REQUIRED WORK:
Once the images are set aside, write out the rest of the records exactly.

Start of RECORDED INFORMATION

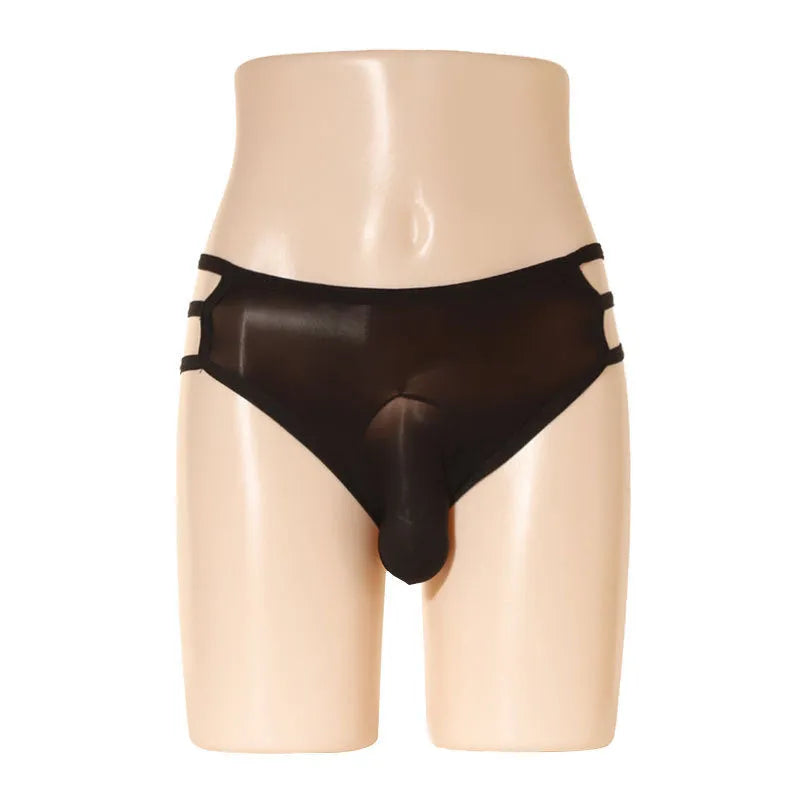 Men's fully transparent elephant nose shorts in a solid colour on a mid waist, showing the nylon fabric and design.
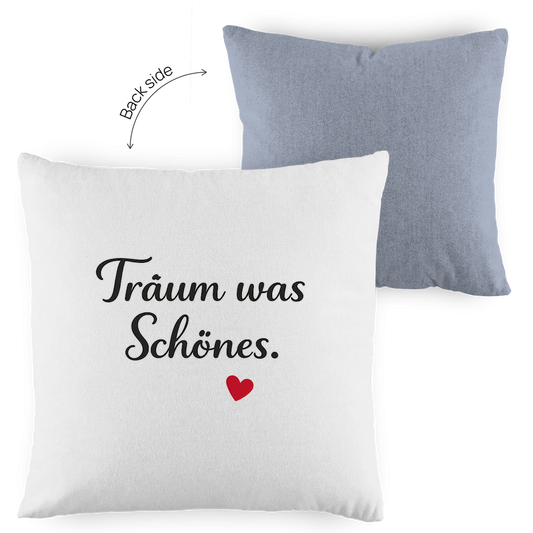 Zweifarbiges Kopfkissen „Träum was Schönes“ – romantisch & modern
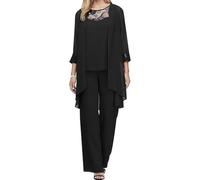 Suncadmious Damen Elegantes 3/4-Ärmel-Oberteil Weite Hose dreiteiliges Set in einfarbiger Ausführung große Größe Brautkleid-Set Abendkleid-Set Gäste-Kleid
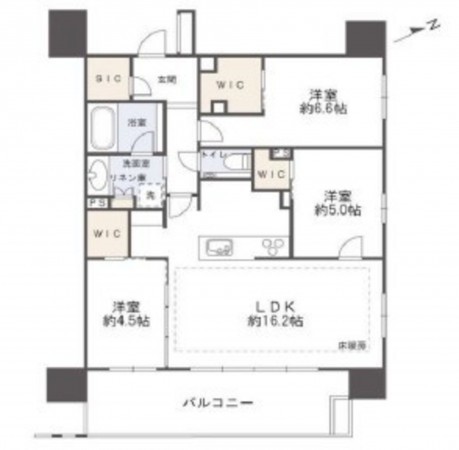 藤沢市片瀬海岸、マンションの間取り画像です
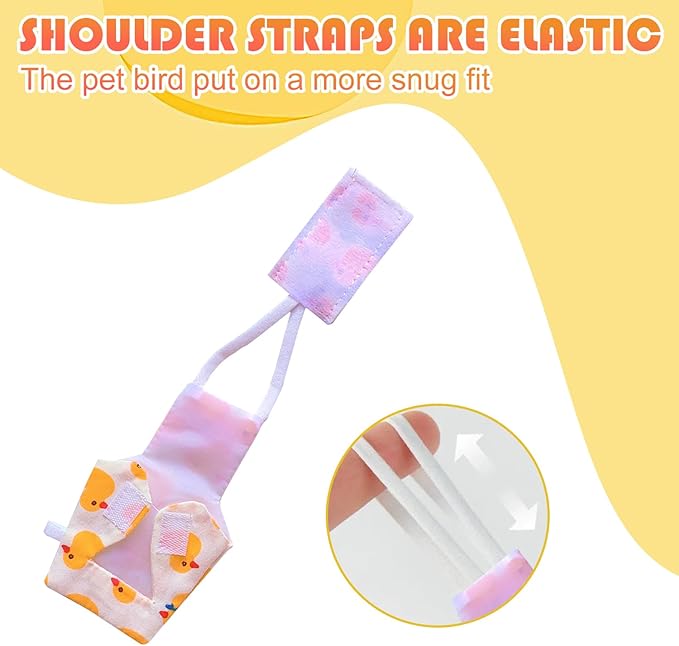 6 Pcs Bird Diapers FAURAPMNG Parrot Nappy Flight Suit Reusable Cockatiel Clothes with Elastic Back Rope Waterproof Inner Layer Washable Diaper Pants for Parakeets, Budgies, Mini Macaws, Quaker Parrots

End of RECORDED INFORMATION

EXERCISE SOLUTION:
 Men's fully transparent elephant nose shorts in a solid colour on a mid waist, showing the nylon fabric and design.
 Zweifarbiges Kopfkissen „Träum was Schönes“ – romantisch & modern
 Suncadmious Damen Elegantes 3/4-Ärmel-Oberteil Weite Hose dreiteiliges Set in einfarbiger Ausführung große Größe Brautkleid-Set Abendkleid-Set Gäste-Kleid
 藤沢市片瀬海岸、マンションの間取り画像です
 6 Pcs Bird Diapers FAURAPMNG Parrot Nappy Flight Suit Reusable Cockatiel Clothes with Elastic Back Rope Waterproof Inner Layer Washable Diaper Pants for Parakeets, Budgies, Mini Macaws, Quaker Parrots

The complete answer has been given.